Thursday, Jan 19, 2017 09:16

A Ministry of Finance proposal to increase the environmental protection tax on oil and gas consumption from the current VND3,000 (US$0.13) to VND8,000 per litre has generated concerns about impacts on daily life and production. Lao Dong (Labour) and Tin Tuc (News) newspapers discussed the issue with Vu Khac Liem, deputy director of the ministry’s Tax Policies Department and Truong Minh Hoang, vice chair of  the NA Committee for ScienceTechnology and Environment.

Vu Khac Liem

Vu Khac Liem, deputy director of the Finance Ministry’s Tax Policies Department

Why has the Finance Ministry made this proposal?

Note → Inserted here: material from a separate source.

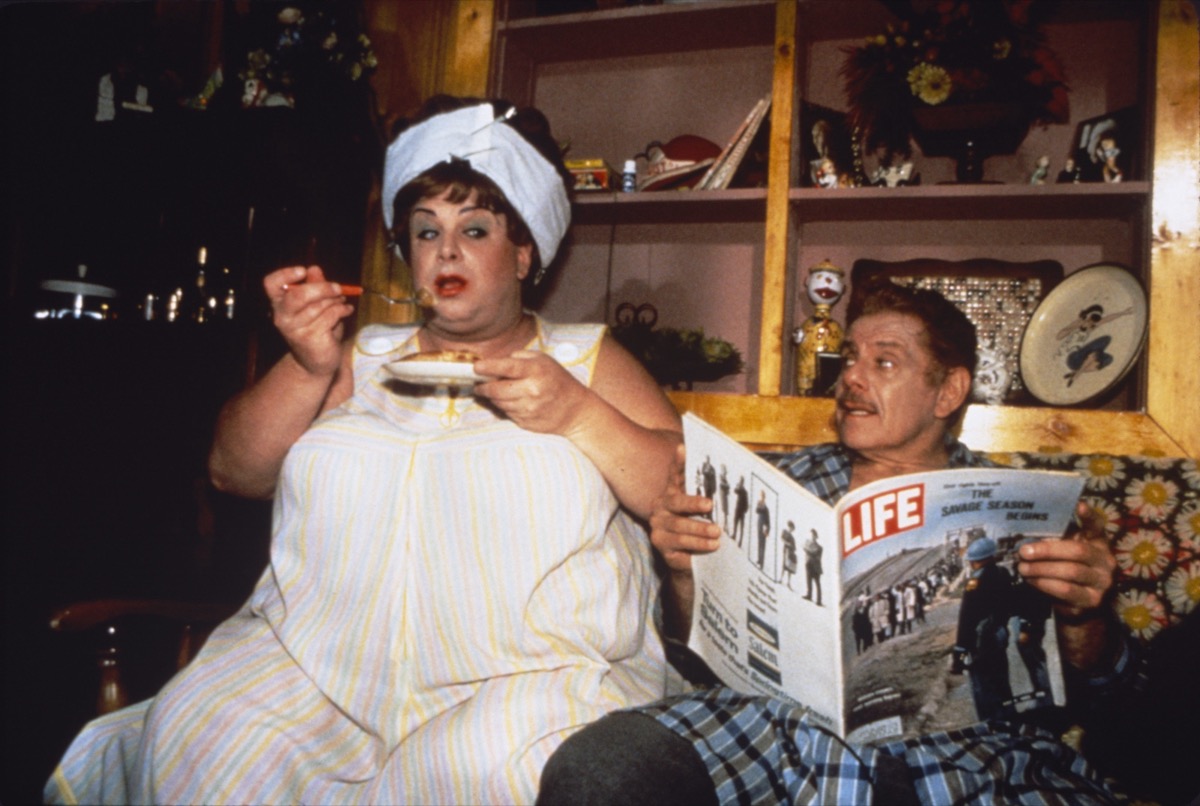 A man and a woman sit on a couch in "Hairspray", the man reads the paper while the woman eats.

The proposal aims to prepare for Viet Nam’s deeper integration into the world economy after many international commitments take effect. Specifically, over the past 10 years, the State budget has depended a lot on tax collection from import-export products and special consumption tax. In the future, the reliance on import taxes has to reduce as the country will have to reduce tariffs under Free Trade Agreements (FTAs) that it has signed. The increase in environmental protection tax would create a foundation to offset decreasing collections from import-export tax. In addition, the environmental protection tax is stipulated by the Law on Environmental Protection. We have a legal foundation for adjusting the tax as well.

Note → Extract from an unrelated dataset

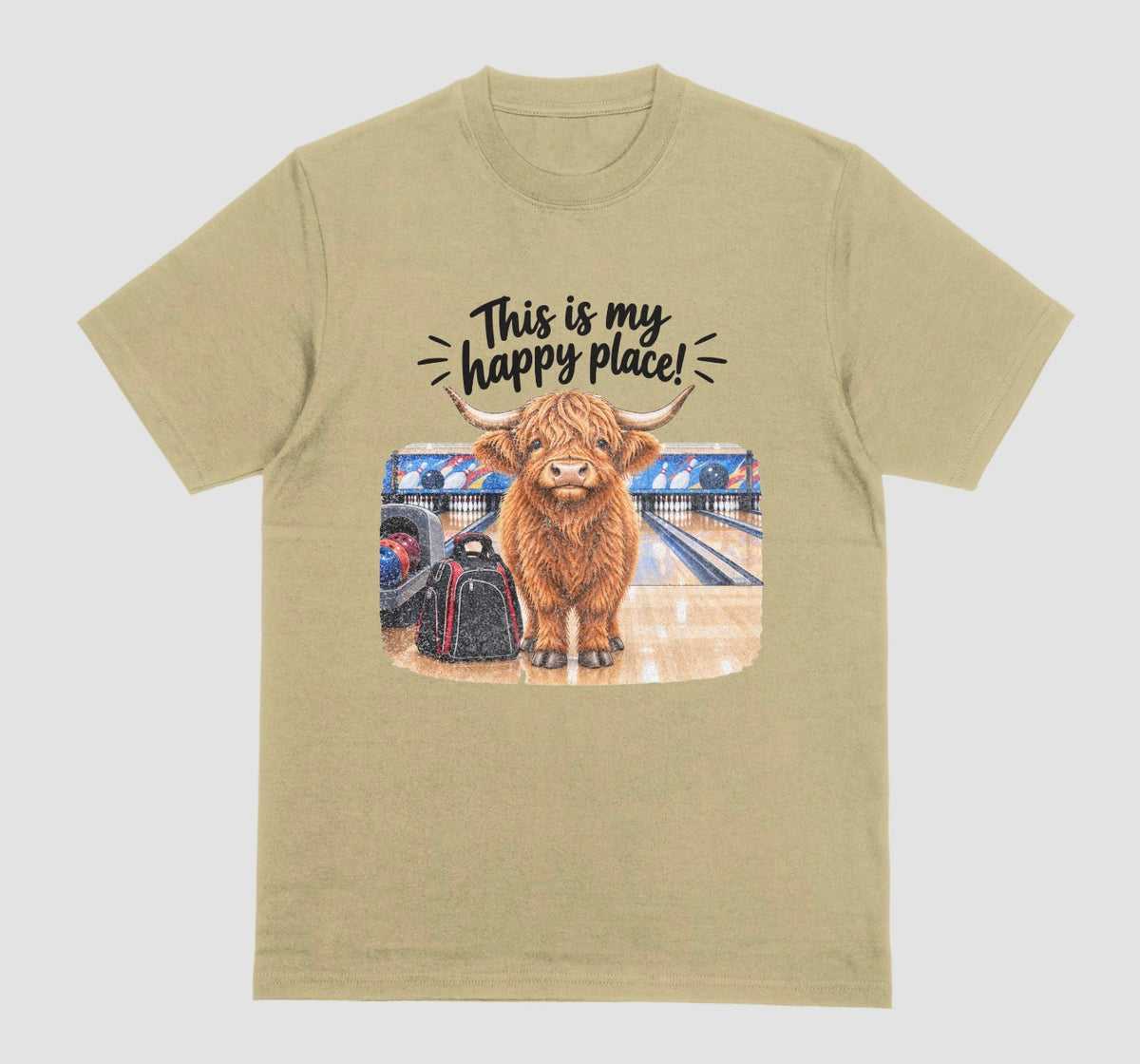 A sand color short-sleeve crewneck t-shirt featuring a graphic of a Highland cow standing on a bowling lane with the text 'This is my happy place!' above it, displayed on a bowling alley background.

So can it be said that the hike is not expressly for protecting the environment?

Of course the tax aims to contribute to improving the environment. However, it can’t be said that every cent of the environmental protection tax is directly spent on the environment. The tax will be collected to the State budget and then the Government will decide to spend it directly or indirectly to benefit the environment.

Wouldn’t petrol prices increase if the environmental protection tax increases?

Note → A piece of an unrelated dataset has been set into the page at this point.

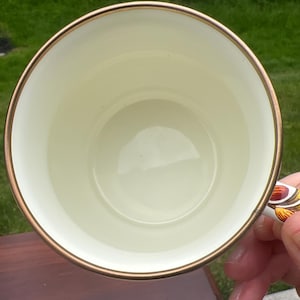 May include: A round ceramic mug with a smooth cream-colored interior and a thin metallic gold rim. The exterior handle features a decorative pattern with orange, brown, and yellow tones. The mug is viewed from directly above, showing the circular opening.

It should be clearly understood that this is just a proposal to adjust a common framework. The specific tax levels will be carefully calculated and adjusted following the country’s socio-economic conditions, the economy’s and businesses’ competitiveness. The ministry will not reduce the economy’s competitiveness for increasing State budget collection. The higher tax framework need not mean high tax levels. The framework will be used for reference and the Government will report suitable tax policies to the National Assembly Standing Committee.

Even if the new framework is approved, the environmental protection tax is unlikely to increase; it could even decrease. The Government would make suitable calculations to ensure that domestic retail petrol prices are equal to other countries in the region. It would have to ensure the economy’s competitiveness while preventing petroleum smuggling. We must maintain general price levels that match those of other countries in the region.

How can the ministry argue that this adjustment would not impact the economy?

This is just a proposal, and we have not made comprehensive assessments of its negative economic impacts. If the plan is to increase the tax from VND3,000 to VND4,000 per litre, we would have specific assessments on how it would affect the transport and electricity sectors. The adjustment would also depend on the import tax at that time.

Why did the ministry not consider tax decreases to reduce expenses for businesses and people, thus stimulating the economy?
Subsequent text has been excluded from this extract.